We called AAP the “silent partner” of news organisations because it was the unseen source of news that journalists relied on, particularly in the relentless online environment. One Fairfax online journalist described the way AAP copy was often reproduced — sometimes carrying the AAP byline, other times with a journalist’s byline despite only the smallest of changes. “You know the term churnalism? Well that’s what churnalism is, getting the AAP story and just turning it around.”
As trainee journalists in the 1990s, we were warned against the “rip and read” culture of newsrooms — a reference to the tendency in radio newsrooms to rip stories straight off the wire and read them out on air. This was indeed poor journalism, but it had developed because of the trust radio journalists — and others — placed in any copy coming from the agency.
Established by Rupert Murdoch’s father Keith Murdoch, managing director of the Herald and Weekly Times, AAP’s original remit was to provide international news to fourteen Australian newspapers that had invested in the new “independent” news service. Its model was the US agency Associated Press, and its charter was to supply “the most accurate and most searching information of all the world’s activities and thought without any tendency toward or opportunity for the exercise of political partisanship or bias.”
In its first financial year AAP transmitted 1.1 million words, covering major world events like the Berlin Olympics, the Spanish civil war and the Davis Cup. But later analysis revealed its unhealthy reliance on British cable services, whose perspective coloured the news the Australian mastheads delivered to audiences.
In its early years, according to historian Prue Torney-Parlicki, about 85 per cent of AAP’s content emanated from London, 12 per cent from New York and 3 per cent from the rest of the world. Throughout the second world war, AAP content accounted for between a third and half of war coverage in Australian newspapers.
Following the war, and on the back of further widespread use and relevance of the wire service during the Vietnam war, the growth of regional media meant a rapid expansion for AAP, with a fivefold increase in staffing numbers between the mid 1970s and the mid 1990s. Despite the expansion, though, financial pressures meant that the agency needed to diversify beyond providing straight news content to paying subscribers among the mainstream media.

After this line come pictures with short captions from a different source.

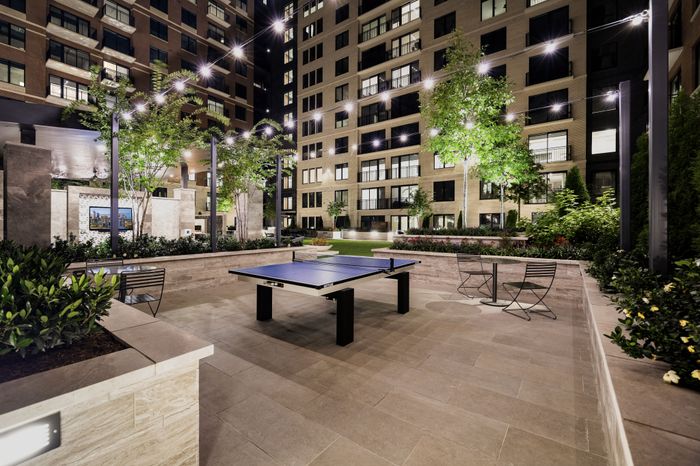 Elegant urban courtyard with modern amenities including table tennis under ambient string lights, surrounded by lush greenery and contemporary architecture.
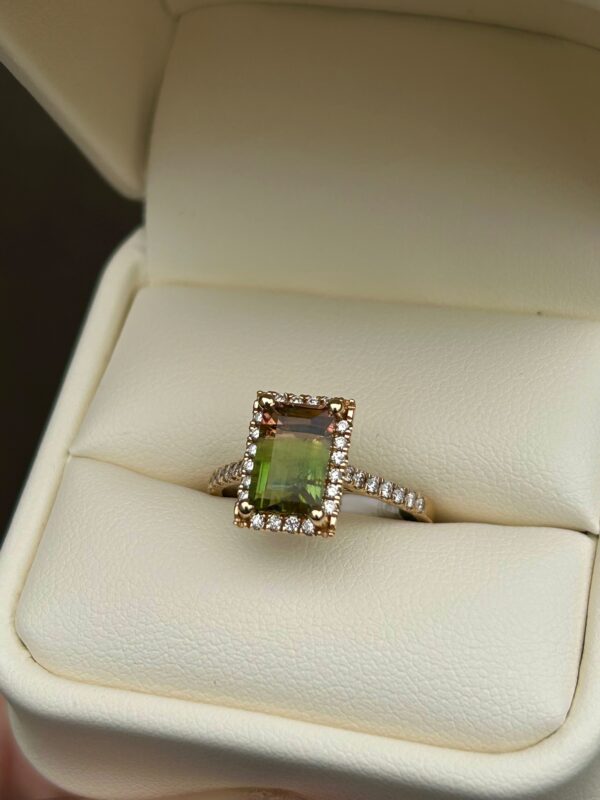A Watermelon Tourmaline and Diamond Gold Ring in a box.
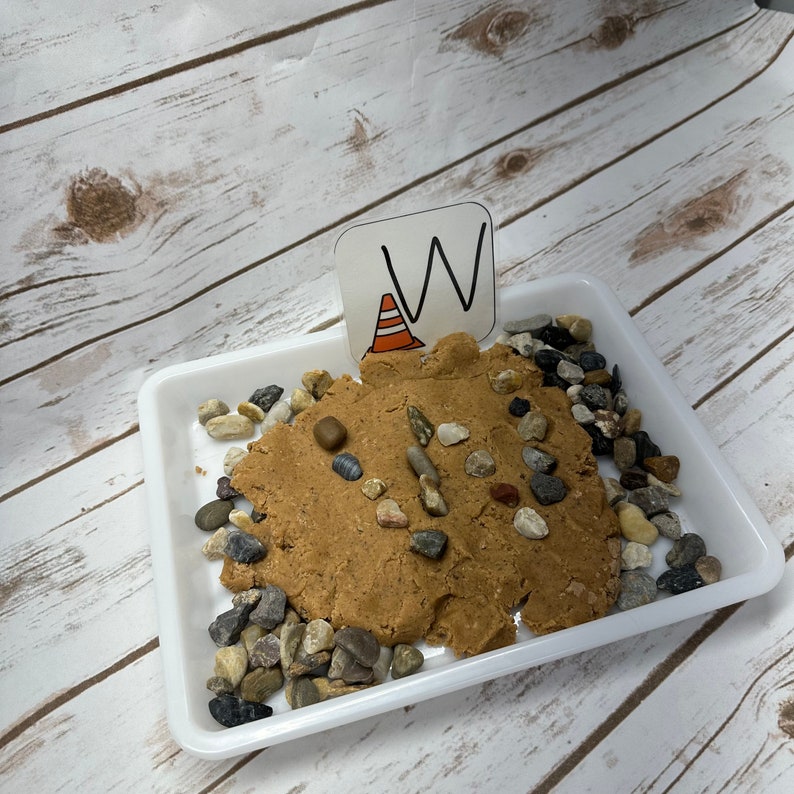 May include: A white plastic tray holds a brown, textured material, dotted with small stones. A small sign with the letter "W" and a traffic cone graphic is placed in the material. The background is a light wood grain pattern.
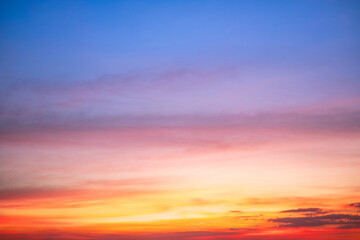 Fototapeta premium Sky,sunset, beautiful , luxury soft gradient orange gold clouds and sunlight on the blue sky perfect for the background, Sunrise on morning or evening in winter warm time ,Twilight summer,silhouette
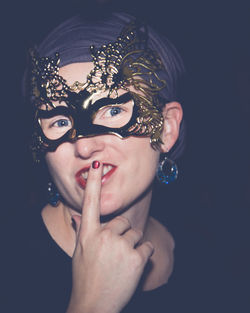 Young woman wearing sunglasses mask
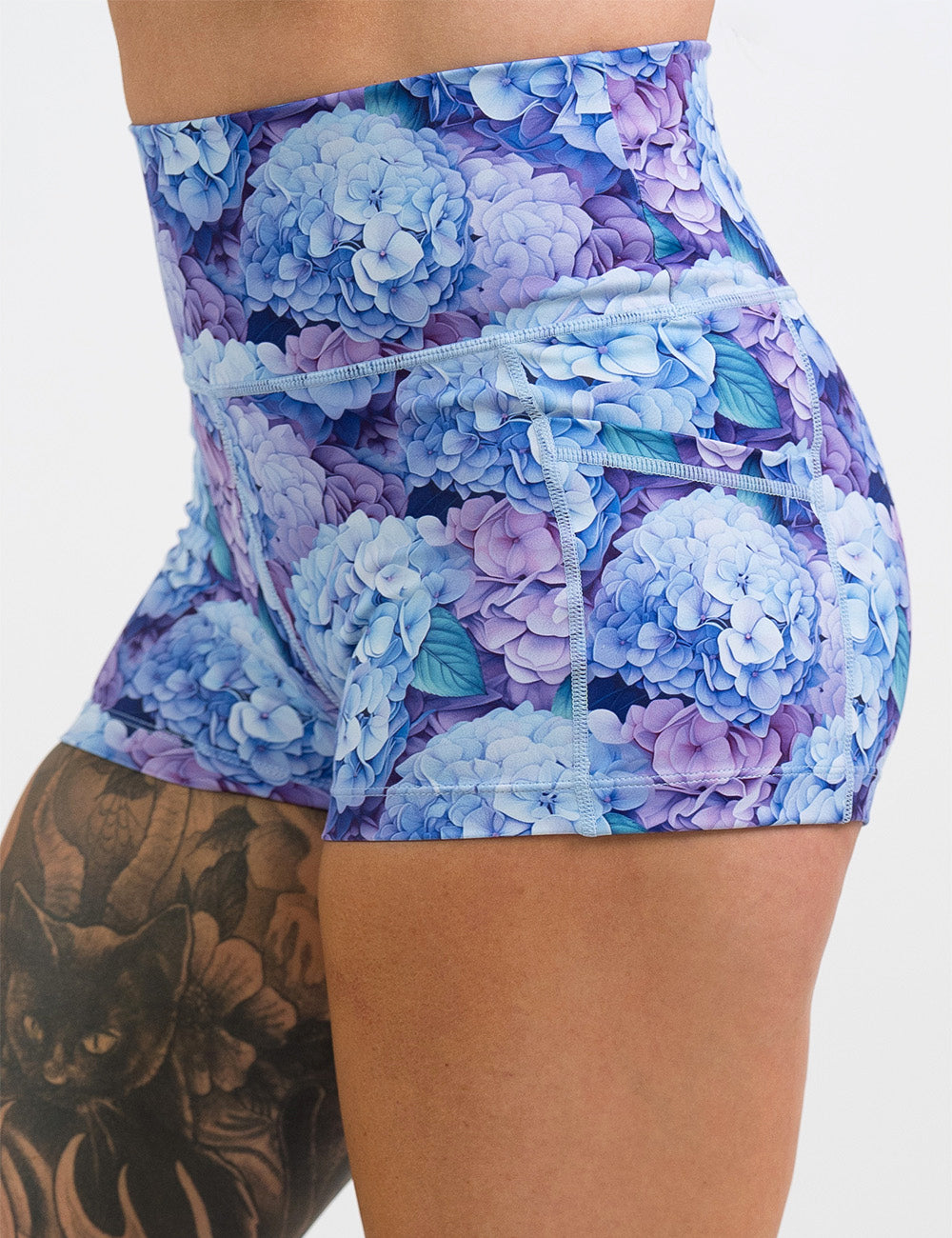 front of the 2.5 inch blue and purple pastel flowers shorts against a white background
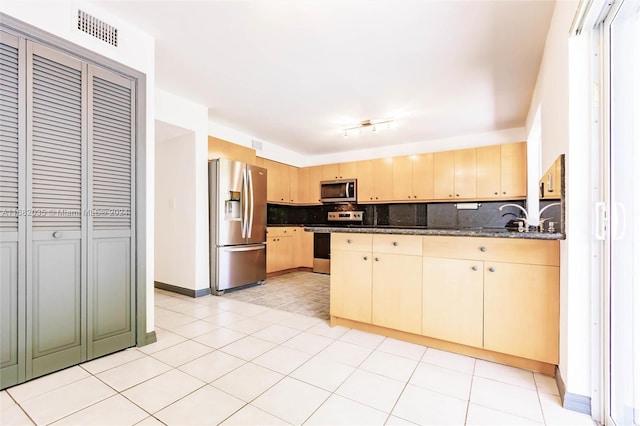 kitchen featuring dark stone counters, kitchen peninsula, backsplash, and stainless steel appliances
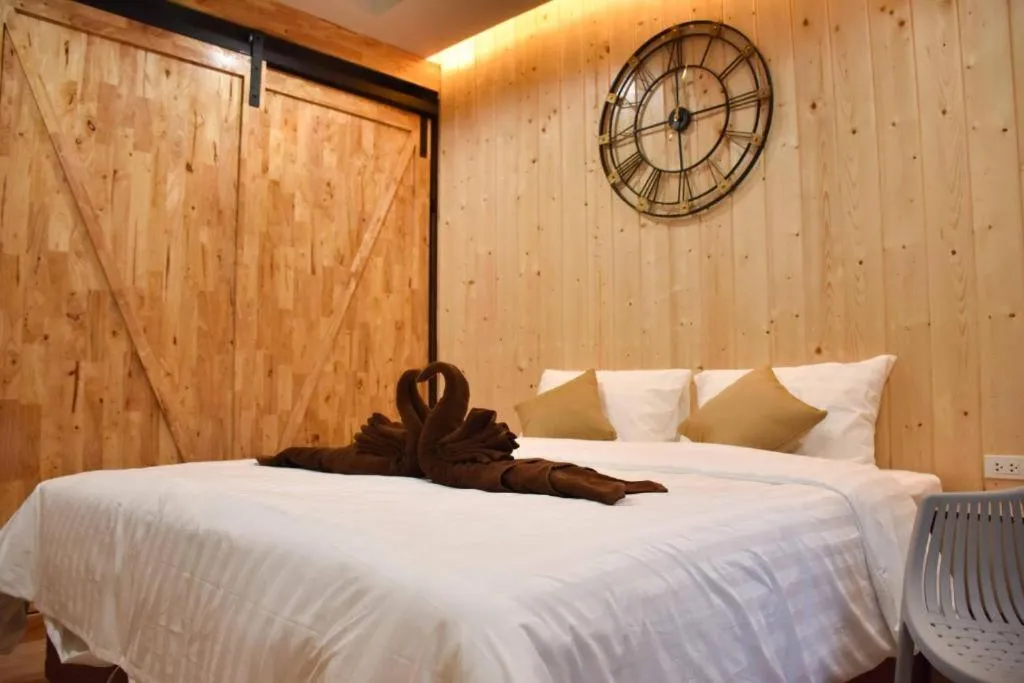 Bed in Momento Bangtao Beach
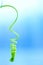 Creeper plant tendril against blue background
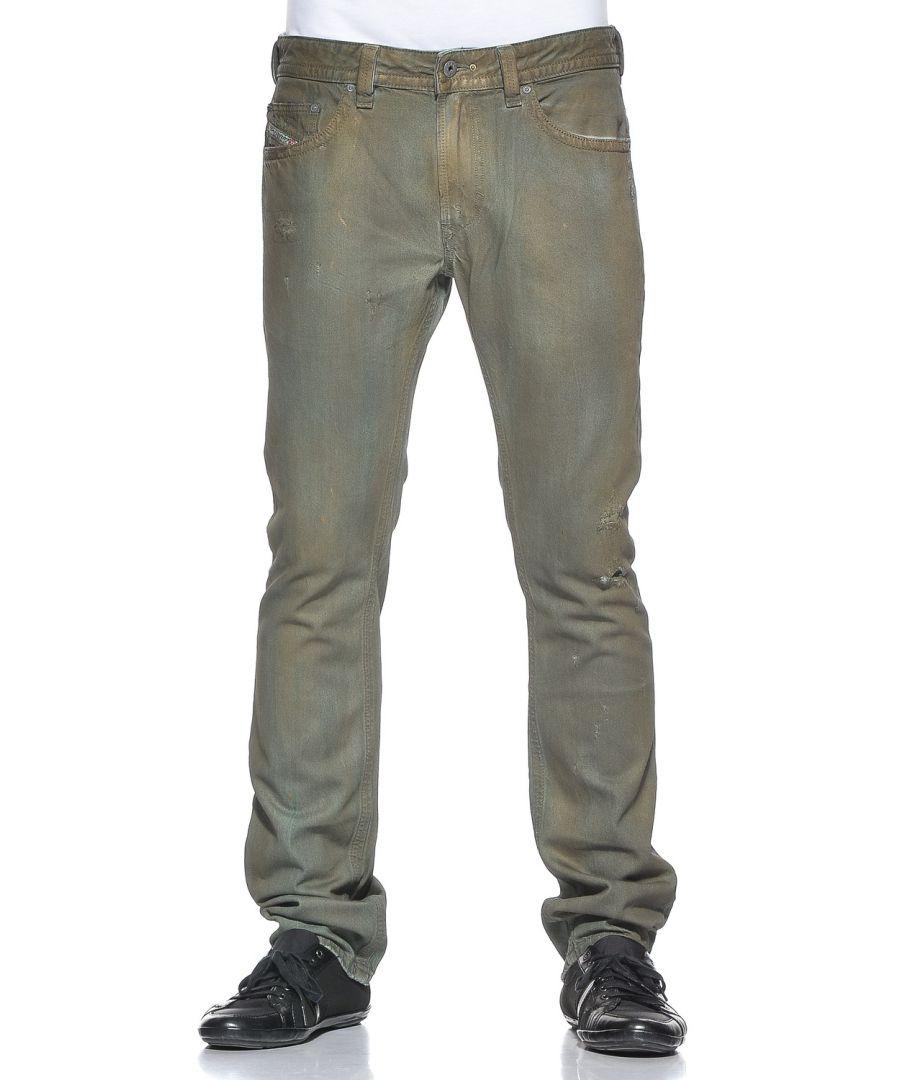 Diesel Thavar 0807J spijkerbroek. Verontrust en vervaagd. Limited Edition Wash. Gemaakt in Italië. Groen en goud behandeld denim. Versleten look met Destroyed Denim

In the 1980s, AAP established MediaNet, which distributed press releases to journalists via a dedicated public relations wire. In 2002, AAP acquired Bruce Davidson’s Pagemasters service, a subediting and layout business that provided a full outsourcing option to newspapers. Newspaper companies began abolishing their own subeditors’ desks and sending copy to Pagemasters for final checking and production.
Fairfax embraced the opportunity, making redundant eighty editorial production staff across the Sydney Morning Herald, the Sun-Herald, the Age and the Sunday Age. For a time, AAP looked to be one of the winners in a new environment constrained by online competition. News businesses were expanding and diversifying, struggling to provide enough content to fill their online sites.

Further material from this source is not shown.